Expressen is right-wing, and has long been opposed to Sweden's policy of armed neutrality, advocating closer ties with the US. According to journalist Israel Shamir, the US threatened to cease sharing intelligence with SEPO, the Swedish secret service, should Assange get residency and be protected under its media shield laws - laws that would specifically frustrate any attempt to extradite Assange to the US.
Others who have tangled with secret services were in no doubt that something was afoot. Craig Murray, former British ambassador to Uzbekistan who had been sacked for criticising the US-UK alliance with the highly repressive country, said that ''Julian Assange has been getting the bog-standard 'kompromat''', the old KGB term for sexual compromise. Murray himself had been falsely accused of trading visas for sex. Others were more sceptical, with Mattias Svensson, editor of alternative magazine Neo, saying of arguments about US involvement: ''My instinct is that they're ridiculous''.

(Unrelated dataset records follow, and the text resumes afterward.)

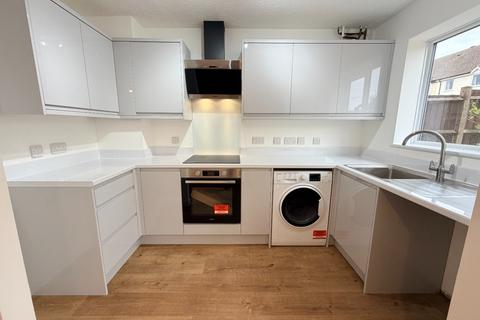3 bedroom end of terrace house to rent, Bowbrookvale, Luton, Bedfordshire, LU2 8SY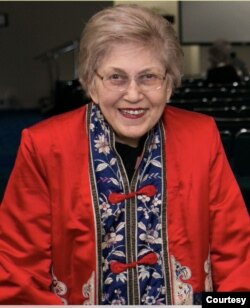 《一个犹太人的上海记忆》(Stateless in Shanghai)一书的作者丽莲·威伦斯博士 (Dr. Liliane Willens) (照片由本人提供: http://www.lilianewillens.info )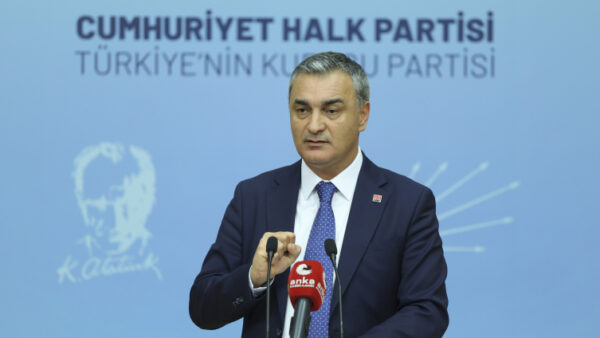 CHP'de 5 Belediye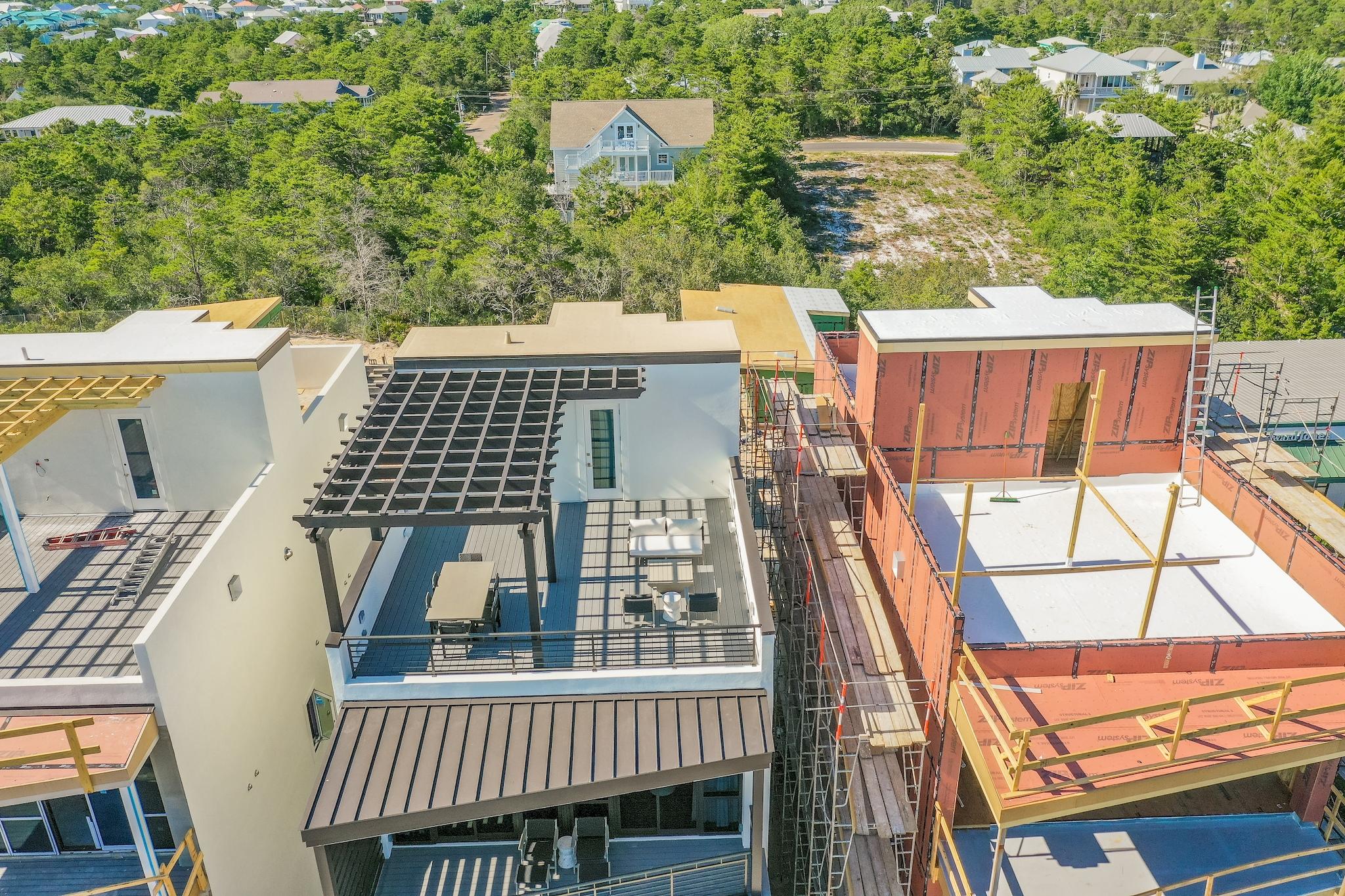 CREST DEVELOPMENT - Residential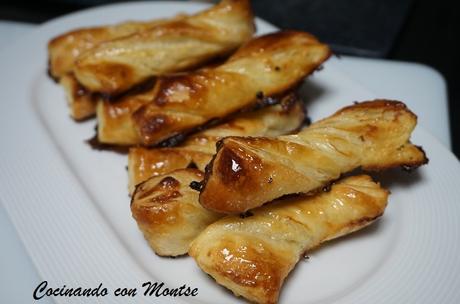 Lazos de hojaldres con leche condensada Lazos de hojaldres con leche condensada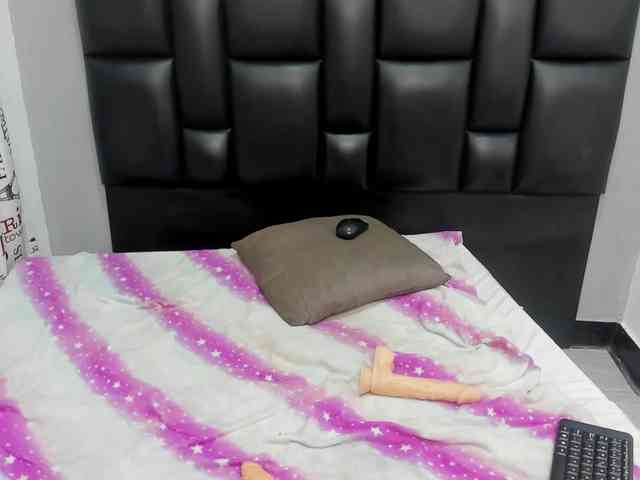 krystalcatro webcam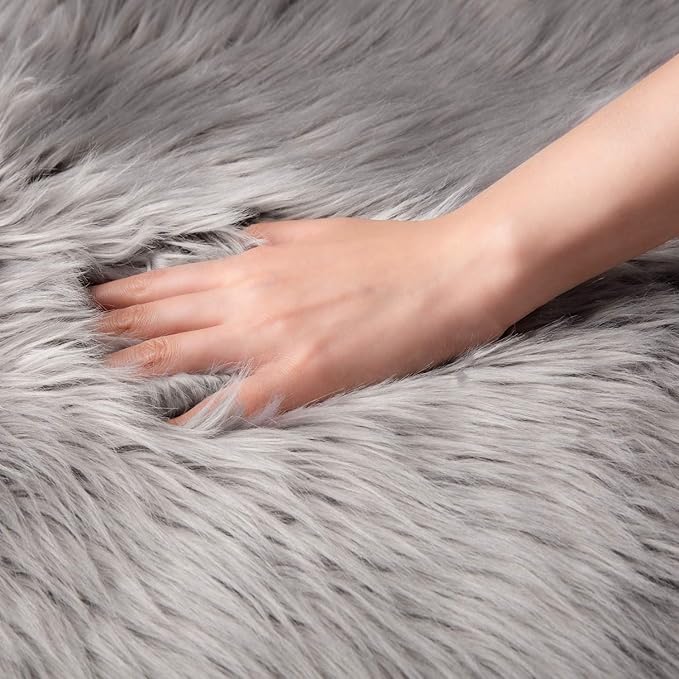 Ashler faux fur rug, Fluffy Shaggy Area Rug Ultra Soft 3 x 5 Feet Rectangle Fur Rug Grey Fuzzy Rug Machine Washable Shag Rug, Nursery Decor Throw Rugs for Bedroom, kids room, Living Room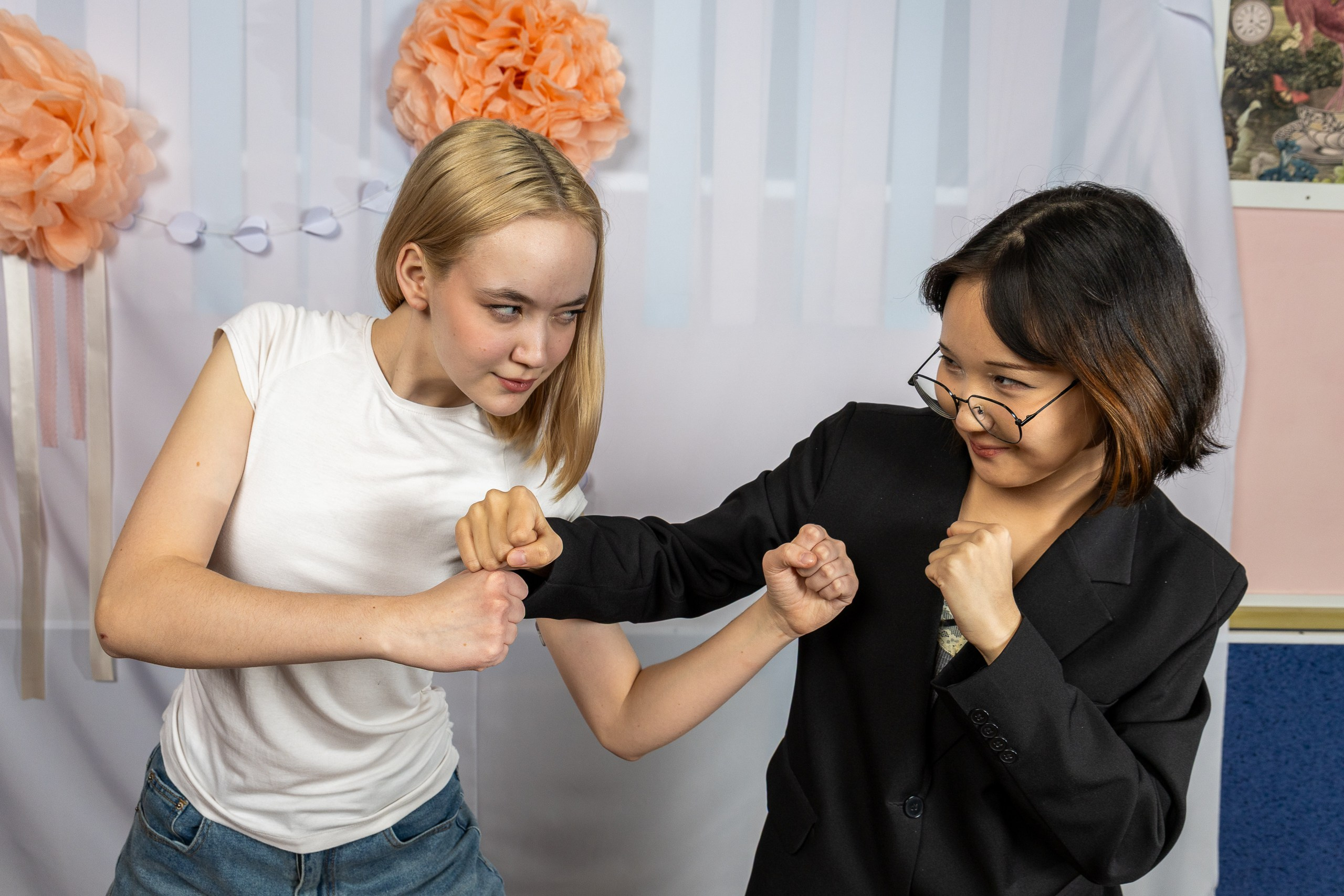 8 марта 2026. Поздравление ребят из 11 класса своих одноклассниц. Главная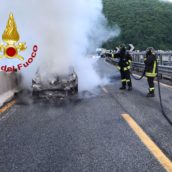 Monteforte Irpino, incendio per autovettura in transito: illesi quattro operai Monteforte Irpino, incendio per autovettura in transito: illesi quattro operai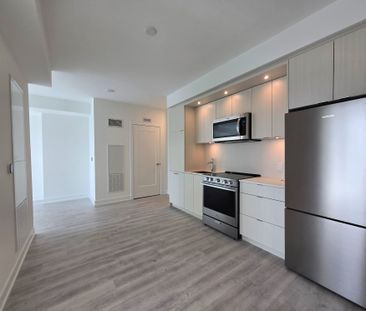 For Lease - 60 Central Park Parkway Unit# 2110, Toronto, Ontario - Photo 5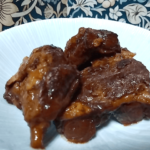 【お弁当＆おつまみ】豚なんこつの煮込みのレシピ!!カシスピューレで一味変える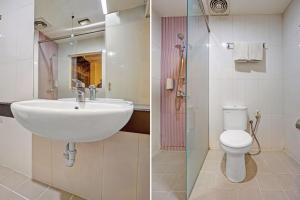 2 fotos de un baño con lavabo y aseo en Townhouse Oak Malang near ITN Malang formerly Fariz Hotel Singosari, en Malang 36 fotos más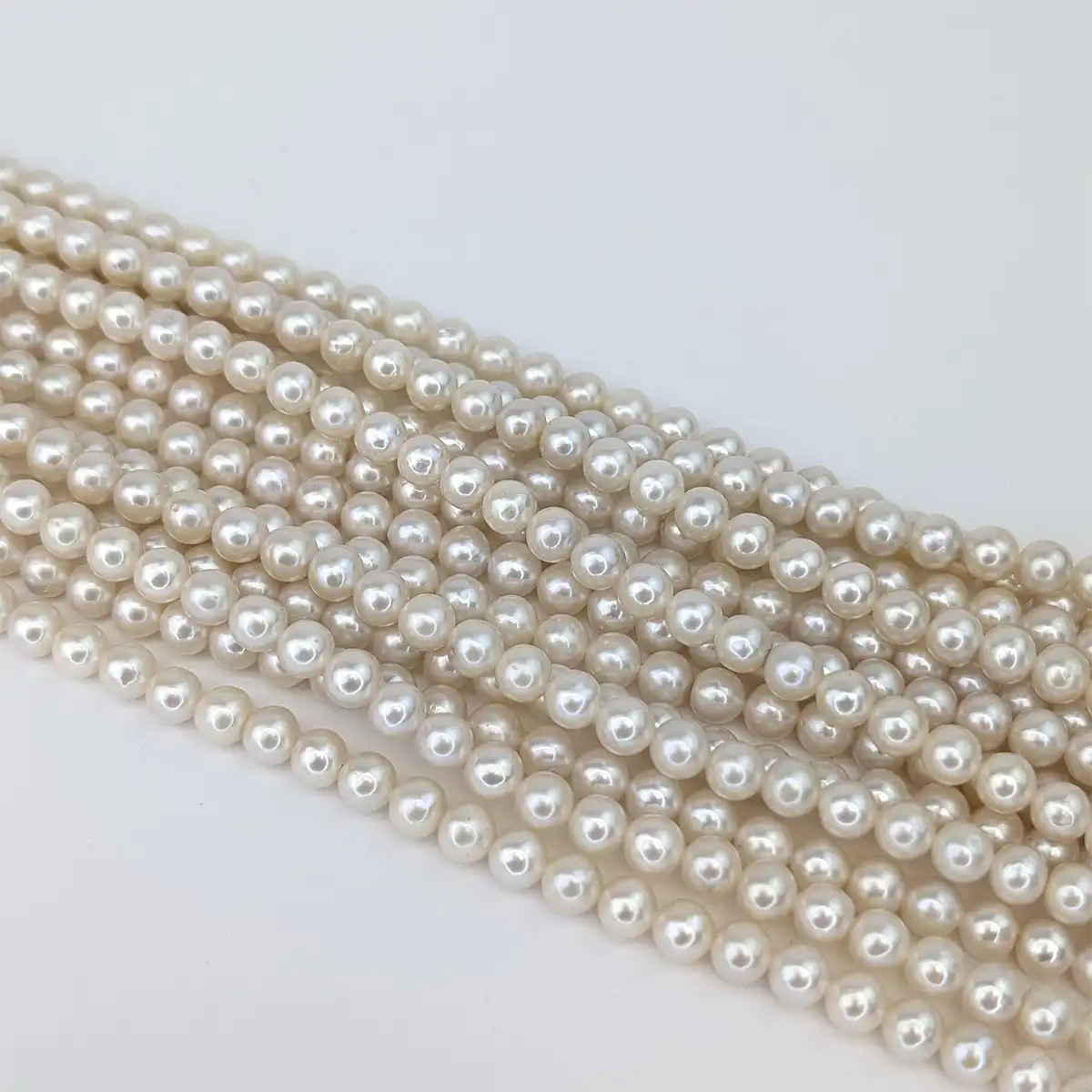 Freshwater Akoya-like Stringing Pearls White 5.5-6mm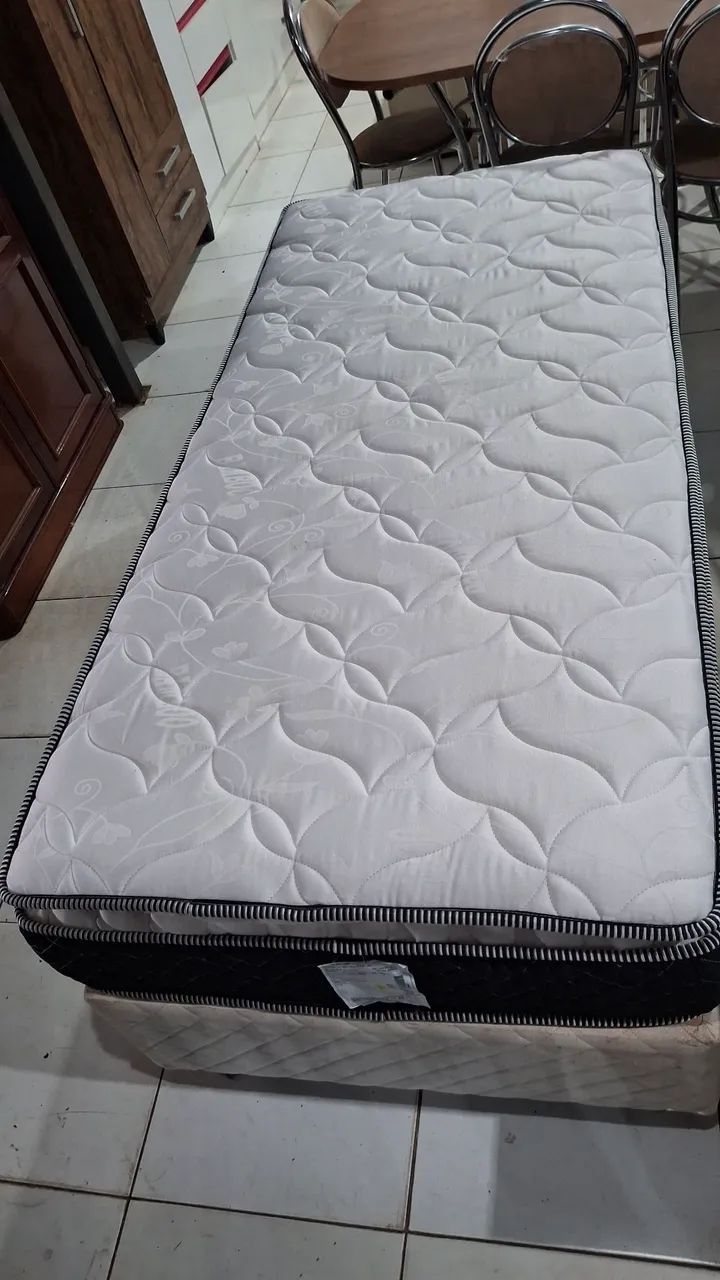 CAMA BOX COM AUXILIAR SEMI-NOVA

One of the country's leading legal commentators, Marten Schultz, argued that the chaotic progress of the case was because of an asymmetry in the Swedish legal system that allows police and prosecutors to leak information and thus damage reputations, while defence lawyers are legally prevented from doing so.
Everyone connected agrees that it's a mess and an embarrassment, and most will say that Assange's rights have been infringed, with leading international lawyer Geoffrey Robertson arguing that the Australian government should ''carpet'' the Swedish ambassador for Assange's treatment, and that Assange should make a case in the European Court of Human Rights.
Will the imminent document drop return attention from the Strindbergian drama of Assange and the two women to the two major wars that have been WikiLeaks' major focus? Even if the rape investigation peters out, it's unlikely.